I hope they are not like other crabs in being exstreamly hard to breed in captivity.


----------



## spinnin_tom (Apr 20, 2011)

Baldpoodle said:


> I hope they are not like other crabs in being exstreamly hard to breed in captivity.


i completely agree mat 
it's not fair that we take take take, but give nothing back.
i think crabs are easy enough to breed, it's just that nearly all species need to give birth in brckish/salty water


----------



## Oderus (Nov 24, 2009)

spinnin_tom said:


> i completely agree mat
> it's not fair that we take take take, but give nothing back.
> *i think crabs are easy enough to breed*, it's just that nearly all species need to give birth in brckish/salty water


Only the crabs that no one wants sadly Tom


----------



## spinnin_tom (Apr 20, 2011)

Oderus said:


> Only the crabs that no one wants sadly Tom


what are you getting at here :whistling2:
red claws are easy to breed (so i've read) they just need to be in salt water since their babies are ass good as plankton to start. i think vampires give birth to live young, and have adapted to give birth in FW


----------



## alspider (Jul 19, 2009)

Baldpoodle said:


> reason I asked is because I find it quite disturbing to hear that an aparently endangered species is taken from its natural habbitate with hardly any hope to breed it.
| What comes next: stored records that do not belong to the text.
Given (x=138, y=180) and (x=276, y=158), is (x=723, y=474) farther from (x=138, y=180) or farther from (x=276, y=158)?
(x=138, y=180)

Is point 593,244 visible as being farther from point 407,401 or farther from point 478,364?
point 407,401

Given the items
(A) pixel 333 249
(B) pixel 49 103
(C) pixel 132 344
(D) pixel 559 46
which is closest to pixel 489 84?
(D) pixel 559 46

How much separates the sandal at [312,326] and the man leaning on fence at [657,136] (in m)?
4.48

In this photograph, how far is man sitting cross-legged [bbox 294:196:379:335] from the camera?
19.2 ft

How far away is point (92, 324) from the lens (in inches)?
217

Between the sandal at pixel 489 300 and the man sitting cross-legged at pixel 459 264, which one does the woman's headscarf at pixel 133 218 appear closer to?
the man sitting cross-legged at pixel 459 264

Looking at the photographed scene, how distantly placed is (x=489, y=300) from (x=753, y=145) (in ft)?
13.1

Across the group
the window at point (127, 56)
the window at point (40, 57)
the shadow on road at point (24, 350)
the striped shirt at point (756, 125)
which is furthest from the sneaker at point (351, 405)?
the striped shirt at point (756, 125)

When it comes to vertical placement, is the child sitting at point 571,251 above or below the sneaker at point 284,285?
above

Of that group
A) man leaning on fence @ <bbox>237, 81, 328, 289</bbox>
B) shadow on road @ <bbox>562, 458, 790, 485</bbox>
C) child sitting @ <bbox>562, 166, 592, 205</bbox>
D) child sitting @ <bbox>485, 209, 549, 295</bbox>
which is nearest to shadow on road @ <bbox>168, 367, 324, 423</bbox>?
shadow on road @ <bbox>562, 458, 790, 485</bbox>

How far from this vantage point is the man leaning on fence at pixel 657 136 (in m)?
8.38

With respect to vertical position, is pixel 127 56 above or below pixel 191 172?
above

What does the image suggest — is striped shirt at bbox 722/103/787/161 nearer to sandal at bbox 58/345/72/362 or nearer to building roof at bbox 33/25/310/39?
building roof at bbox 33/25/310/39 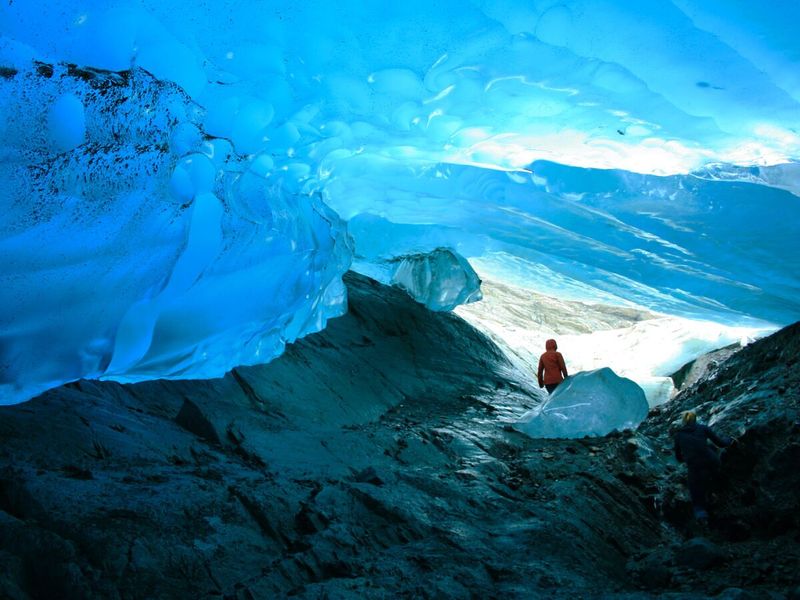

If only males were on sale I find this also rather grim in respects that there is absolutly no chance of propagateing the species any further.
> IMHO this is just as damageing as habitate destruction, as in the little habbitate they may be found in, they are now taken out of it to die in someones terrarium. As nice and intresting as they are I would avoid the buying of them on the grounds, that if they don't sell they may stand a chance of not being collected and have even a slight change to reproduce.
> 
> I hope they are not like other crabs in being exstreamly hard to breed in captivity.


i agree with this. when i bought the crab it was a spur of the moment thing and was a lack of research on my behalf.once back home i realised they were on the red list (lesson learnt for not researching) i had a look around to see if anyone was breeding them as i would have passed it on for breeding if it were to help get the numbers back up


----------